■ YOUR INSTRUCTIONS
The expected output is the data below, character for character, without its pictures.

■ STORED DATA
# # # # #

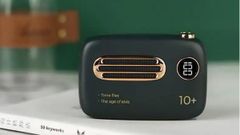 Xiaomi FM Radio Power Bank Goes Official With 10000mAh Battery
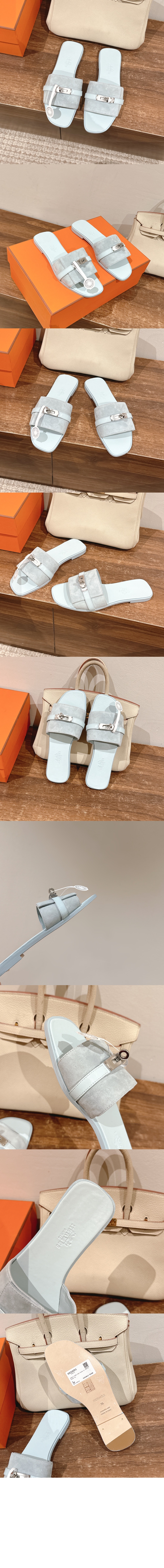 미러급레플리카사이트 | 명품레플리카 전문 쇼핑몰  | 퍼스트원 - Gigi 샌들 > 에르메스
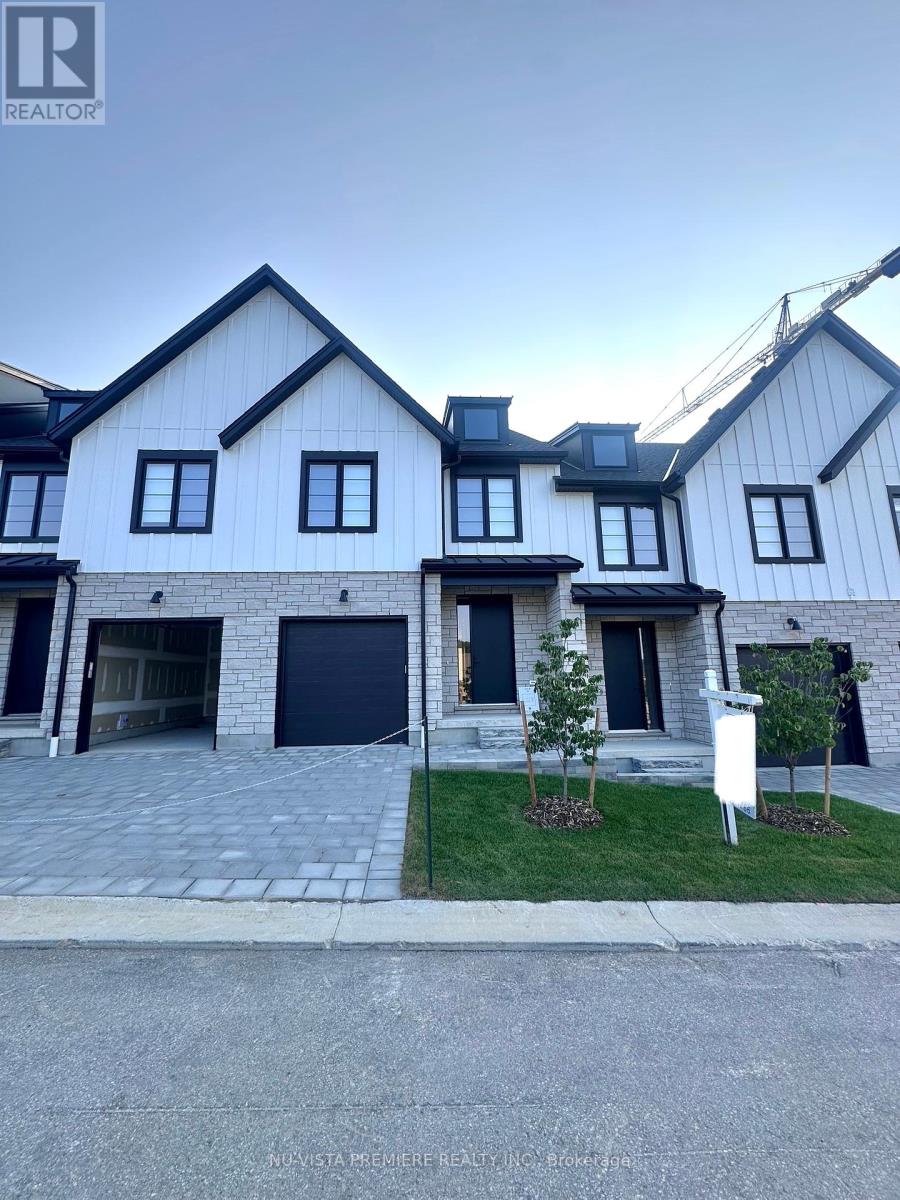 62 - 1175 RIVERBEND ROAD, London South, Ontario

# # # # #

■ TASK ANSWER
 Xiaomi FM Radio Power Bank Goes Official With 10000mAh Battery
 미러급레플리카사이트 | 명품레플리카 전문 쇼핑몰  | 퍼스트원 - Gigi 샌들 > 에르메스
 62 - 1175 RIVERBEND ROAD, London South, Ontario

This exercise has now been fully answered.